Wrestling through the brush, volunteers disappeared into the woods along Blind Bay to provide homes for the hundreds of wildlife that flock to the area every spring.
“There’s over a hundred species here between the fish, the turtles, the birds, the mammals,” said Spencer Busler, assistant director, Thousand Islands Land Trust.
The first annual Stewardship Day on Blind Bay is a partnership between the Thousand Islands Land Trust, Save the River, and a few local Cub Scouts like Aiden Trickey, who got his hands on a drill.
“I’m really used to that happening but it never backfired and fell out of my hand before,” he said.
The group also set up three wood duck nest boxes, where eventually, wood ducks will lay their eggs, and their fledglings will make their way out and into the bay.
“We wanted to be prepared so that when animals migrate back, we are here and ready for them, and their homes are ready too,” said Lauren Eggleston, assistant director, Save the River.
As boxes and birdhouses went up, a looming threat was in the back of the minds of many.
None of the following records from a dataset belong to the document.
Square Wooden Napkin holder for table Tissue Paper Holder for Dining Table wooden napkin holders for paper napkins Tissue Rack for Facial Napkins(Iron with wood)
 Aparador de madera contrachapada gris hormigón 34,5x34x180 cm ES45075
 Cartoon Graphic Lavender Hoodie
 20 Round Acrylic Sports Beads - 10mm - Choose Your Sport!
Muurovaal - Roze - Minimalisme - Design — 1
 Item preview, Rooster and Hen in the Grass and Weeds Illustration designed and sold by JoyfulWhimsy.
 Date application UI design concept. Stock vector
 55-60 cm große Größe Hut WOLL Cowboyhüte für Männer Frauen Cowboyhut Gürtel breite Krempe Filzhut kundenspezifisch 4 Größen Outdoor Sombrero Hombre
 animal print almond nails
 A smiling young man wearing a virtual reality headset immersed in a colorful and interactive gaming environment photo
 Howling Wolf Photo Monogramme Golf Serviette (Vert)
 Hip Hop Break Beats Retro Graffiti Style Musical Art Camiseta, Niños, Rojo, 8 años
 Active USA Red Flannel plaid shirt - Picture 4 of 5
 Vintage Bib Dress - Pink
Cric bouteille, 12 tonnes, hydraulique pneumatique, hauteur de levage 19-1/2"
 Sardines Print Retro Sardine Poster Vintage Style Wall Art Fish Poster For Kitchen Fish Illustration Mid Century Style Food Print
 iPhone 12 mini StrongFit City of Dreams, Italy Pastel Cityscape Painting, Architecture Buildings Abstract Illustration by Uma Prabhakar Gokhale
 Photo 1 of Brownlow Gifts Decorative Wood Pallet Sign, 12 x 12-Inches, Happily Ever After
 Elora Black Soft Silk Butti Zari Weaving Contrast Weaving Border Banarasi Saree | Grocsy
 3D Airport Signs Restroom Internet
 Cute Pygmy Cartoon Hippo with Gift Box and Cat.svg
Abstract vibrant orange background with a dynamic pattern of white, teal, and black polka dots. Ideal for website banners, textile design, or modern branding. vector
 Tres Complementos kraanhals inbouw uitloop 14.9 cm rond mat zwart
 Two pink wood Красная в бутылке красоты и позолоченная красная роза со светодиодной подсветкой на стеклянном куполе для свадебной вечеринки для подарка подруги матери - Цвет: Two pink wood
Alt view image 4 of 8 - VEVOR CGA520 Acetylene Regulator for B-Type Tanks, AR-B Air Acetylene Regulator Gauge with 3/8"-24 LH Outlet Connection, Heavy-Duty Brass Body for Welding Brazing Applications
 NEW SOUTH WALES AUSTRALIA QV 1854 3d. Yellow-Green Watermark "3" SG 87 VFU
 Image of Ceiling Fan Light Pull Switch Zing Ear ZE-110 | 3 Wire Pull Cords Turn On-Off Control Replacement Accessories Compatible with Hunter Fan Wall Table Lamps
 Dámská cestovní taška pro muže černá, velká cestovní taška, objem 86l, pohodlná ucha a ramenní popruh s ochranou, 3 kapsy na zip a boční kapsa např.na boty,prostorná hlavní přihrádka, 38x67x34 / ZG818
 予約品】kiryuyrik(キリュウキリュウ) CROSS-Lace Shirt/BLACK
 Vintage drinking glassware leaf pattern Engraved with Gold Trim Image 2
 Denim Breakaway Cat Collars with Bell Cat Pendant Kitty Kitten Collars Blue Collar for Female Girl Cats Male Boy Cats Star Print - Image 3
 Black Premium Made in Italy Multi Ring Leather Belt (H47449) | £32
U.S. Customs and Border Protection wants the land for a new facility.
In September, CBP wrote it was seeking a temporary right of entry to the Blind Bay land for an environmental assessment – seemingly the first step in an eminent domain proceeding.
To help better legally defend itself, TILT purchased the land CBP was interested in. It was finalized in November.
Since then, Busler says TILT hasn’t heard a peep.
“We do plan to continue reaching back out to CBP to try to find a site that is more compatible for their uses,” he said.
Creating, protecting and preserving a home.